After eight months of testing, the U.S. Army selected the YUH-60A for production over its competitor, the Boeing Vertol YUH-61A. In keeping with the Army’s tradition of naming helicopters after Native Americans, the new helicopter was named Black Hawk, who was a 17th Century leader of the Sauk (or Sac) people.
The Sikorsky Model S-70 (YUH-60A) was designed to meet the requirements of the U.S. Army Utility Tactical Transport Aircraft System (UTTAS). It had a 3-man crew and could carry an 11-man rifle squad. It could be transported by a Lockheed C-141 Starlifter.
The YUH-60A had an empty weight of 11,182 pounds (5,072 kilograms) and gross weight of 16,750 pounds (7,598 kilograms). The helicopter had a structural load factor of 3.5 Gs. With 1,829 pounds (830 kilograms) of fuel, it had an endurance of 2 hours, 18 minutes.

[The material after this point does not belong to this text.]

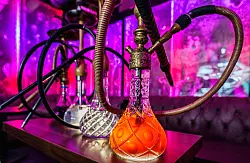 Shishas schmecken nach Apfel, Kirsche, Zimt, Minze oder zahlreichen anderen Aromen. (Archivbild) - &copy; Andreas Arnold/dpa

The YUH-60A had a four-blade fully-articulated main rotor with a diameter of 53 feet, 8 inches (16.358 meters). The blades had 18° negative twist and turned counterclockwise, as seen from above (the advancing blade is on the right) at 258 r.p.m. The blade tip speed was 725 feet per second (221 meters per second).
The four-bladed tail rotor was positioned on the right side of the tail rotor pylon in a tractor configuration. The tail rotor diameter was 11 feet (3.353 meters), and turned 1,214 r.p.m., rotating clockwise as seen from the helicopter’s left (the advancing was blade below the axis of rotation). The blade tip speed was 699 feet per second (213 meters per second). The tail rotor blades had -18° of twist. Because the Black Hawk’s engines are behind the transmission, the aircraft’s center of gravity (c.g.) is also aft. The tail rotor plane is inclined 20° to the left to provide approximately 400 pounds of lift (1.78 kilonewtons) to offset the rearward c.g.
Power was supplied by two General Electric T700-GE-700 modular turboshaft engines, rated at 1,622 shaft horsepower at 20,900 r.p.m. Np, at Sea Level under standard atmospheric conditions. The T700 has a 5-stage axial-flow, 1-stage centrifugal-flow compressor, with a 2-stage axial-flow gas producer and 2-stage axial-flow power turbine. The T700 is 3 feet, 11 inches (1.194 meters) long, 2 feet, 1 inch (0.635 meters) in diameter and weighs 437 pounds (198 kilograms). The helicopter’s main transmission was designed for 2,828 horsepower. The engines are derated to the transmission limit.
The YUH-60A had a cruise speed of 147 knots (169 miles per hour/272 kilometers per hour) at 4,000 feet (1,219 meters) and 95 °F. (35 °C.). It could climb at 450 feet per minute (2.29 meters per second) at the same altitude and air temperature.
73-21650 crashed into the Housatonic River near the Stratford plant at 9:10 a.m., Friday, 19 May 1978, killing all three Sikorsky employees on board, pilots Albert M. King, Jr., John J. Pasquarello, and flight engineer John Marshall.
During routine maintenance an airspeed sensor for the all-flying tailplane had been disconnected. As the Black Hawk transitioned from hover to forward flight, the all-flying tailplane remained in the hover position and forced the helicopter’s nose to pitch down to the point that recovery was impossible.
The Black Hawk has been in production since 1978. More than 4,000 of the helicopters have been built and the type has been continuously improved. The current production model is the UH-60M.
Sikorsky is a Lockheed Martin Company.